Intelligence Contractor Charged with Leaking Classified Report

An intelligence contractor was charged with sending a classified report about Russia’s interference in the 2016 election to the news media, the Justice Department announced Monday. This is the first criminal leak case under President Donald Trump, The New York Times reports.

The Justice Department announced the case against the contractor, Reality Leigh Winner, 25, about an hour after the national-security news outlet The Intercept published the apparent document, a May 5 intelligence report from the National Security Agency.
According to the leaked document, two cyberattacks have been carried out by Russia’s military intelligence unit, the G.R.U. — one in August against a company that sells voter registration-related software and another,a few days before the election, against 122 local election officials.
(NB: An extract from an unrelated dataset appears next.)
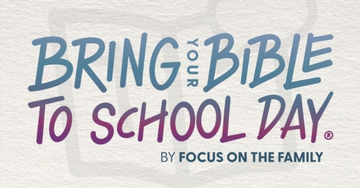 The Twelfth Annual Bring Your Bible to School Day Is This Thursday, October 1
The Intercept said the NSA report had been submitted anonymously, but shortly after its article was published, the Justice Department said that the FBI had arrested Ms. Winner at her house in Augusta, Georgia on Saturday. It also said that Winner had confessed to an agent that she had printed out a May 5 intelligence file and mailed it to an online news outlet.

However, it was not immediately clear who is serving as the defense lawyer for Winner, who has been charged under the Espionage Act.

An accompanying FBI affidavit said she has worked for Pluribus International Corporation at a government facility in Georgia since February 13. While it did not identify the agency or the facility, the NSA uses Pluribus contractors and opened a branch facility in the suburbs outside Augusta in 2012.

The FBI affidavit said reporters for the news outlet, which it also did not name, had approached the NSA with questions for their story and provided a copy of the document in their possession. An analysis of the file showed it was a scan of a copy that had been creased or folded, the affidavit said, “suggesting they had been printed and hand-carried out of a secured space”.

The NSA’s auditing system showed that six people had printed out the report, including Ms. Winner. Investigators examined the computers of those six people and found that Ms. Winner had been in email contact with the news outlet, but the other five had not. In a statement, the deputy attorney general, Rod J. Rosenstein, commended the operation.

“Releasing classified material without authorization threatens our nation’s security and undermines public faith in government. People who are trusted with classified information and pledge to protect it must be held accountable when they violate that obligation”, Rosenstein said.

Espionage Act charges carry a sentence of up to 10 years in prison, although conventional leak cases have typically resulted in prison terms of one to three years.